Yes but what would be a reasonable basis? From experience I cannot think of any.
I am a CO for Department of State doing overseas construction. My office is located overseas. We have a DOSAR waiver from FEDBIZOPPs for under $5M. However, we are expected to use full and open on all construction not restricted by law or treaty (I haven't seen one yet). We use our own web site for advertising and expect the Post Facility managers to do market research and provide suggested firms for us to mail solicitations. On any given project we will have local companies, companies from neighboring countries and U.S. firms all competing even down to projects as small as $300K. We do not get involved in permits and licensing issues. The solication says the offeror must have permission to work in the country by the time of award. If he can't produce the proof that is his problem and we go to the next best offer (and yes that comes up often and we even had to T4D one mistake we made). We have the post discuss the permitting at the site visit/prepropsal conferences so they are all on notice.

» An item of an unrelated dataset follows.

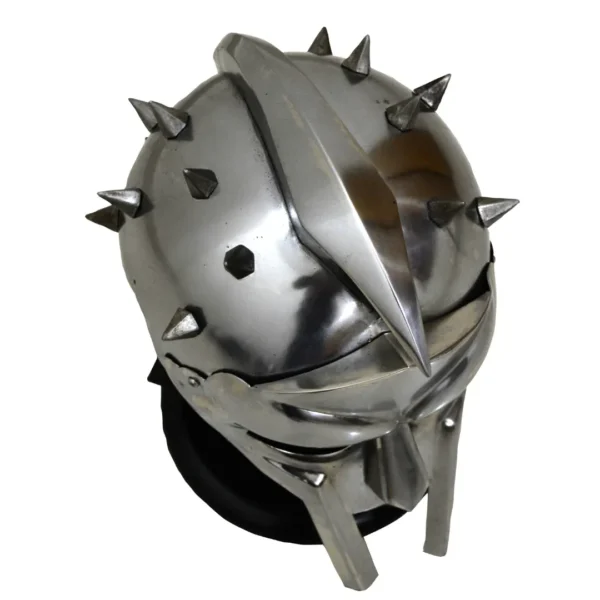Maximus Gladiator Helmet - Medieval Roman Greek Spartan Armour - Free Stand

If we do any restrictions it must be supported by J&A IAW FAR part 6. Some of our Bureaus have authority from Congress to restrict for polictical and other considerations. This is also supported by documentation on a case by case basis. This authority is used infrequently, is used for good reasons and is not abused in my opinion.
So, I do not think there is a blanket authority to limit competition to local companies but should be supported by J&A on a case by case basis.
P.S. It appears our webite is becoming so well known by U.S. companies that we might as well advertise on FEDBIZOPPs. Being overseas we do not have to consider small business and get no credit if we did so the competition is truely full and open and the firms as well as our customers really like that.